It has been a little disheartening this week, visiting my mother. She has been so agitated and angry, with little clue as to why. My only recourse has been to work on distracting and cheering her up and so far I have been successful. I’m beginning to feel like I am her only lifeline to peace and it is a bit overwhelming.
Yesterday I arrived just as her caregiver was waiting by the bathroom door where Mother was moaning on the toilet about whatever unhappiness she was experiencing.

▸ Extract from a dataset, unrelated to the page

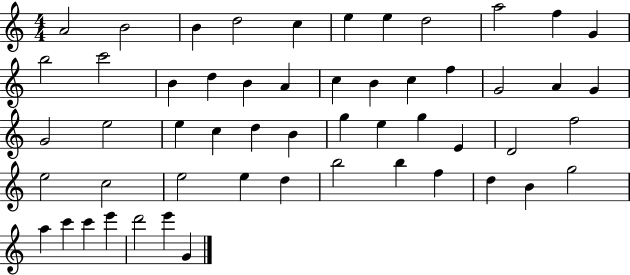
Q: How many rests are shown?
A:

Whitney, her regular helper, said, “Guess who is waiting to see you when you are done?” and it successfully broke Mother out of her rhythmic pattern as she found out the answer was “your daughter, Nancy!” Soon after that, while I sat waiting on her bed, she slipped back into her grouchiness and began repeating over and over, “I hate you! I hate you! I hate you!” Oh, poor Whitney. I wonder how often she is subjected to this kind of abuse. She seemed to take it in her stride and said, “It’s okay, you’ll love me tomorrow.”
Once Mother was back in her wheelchair and Whitney had gone away, I was able to get her quieted down and as the tears ran down her cheeks I tried to get her to articulate what was bothering her. Was it pain, sadness, some bad experience she could express? She seemed so frustrated, but unable to remember or speak what was upsetting her. I pushed away the anguish I was feeling for her and focused on turning things around. I opened the magazine I’d brought and got her looking at the pictures and sniffing those annoying cologne samples between the pages. When she’d broken the pattern of anger and tears, the world looked better and we took a walk down the hall to listen to a musician who was singing for the residents in the dining room.
Now and then her eyebrows would begin to furrow and I could see the dark clouds forming so I took preventative action and distracted her with something new. Just like handling a baby, I thought, after a week visiting with my 4-month old grandson. But, like a visit with an infant, I was able to leave her an hour and a half later smiling and content. I tried not to think about how long it might be before her caregivers once again had to deal with her bad moods.
As often happens, on my drive home a depression began to settle over my spirit. There is not a happy ending to this story, just a slow ride to Worse. So, just as I did for my mother, I worked on distracting myself with happier things and moving on with my life, such as it is. My own world, minus my mother’s agonies, is generally very pleasant and peaceful. Focus on that.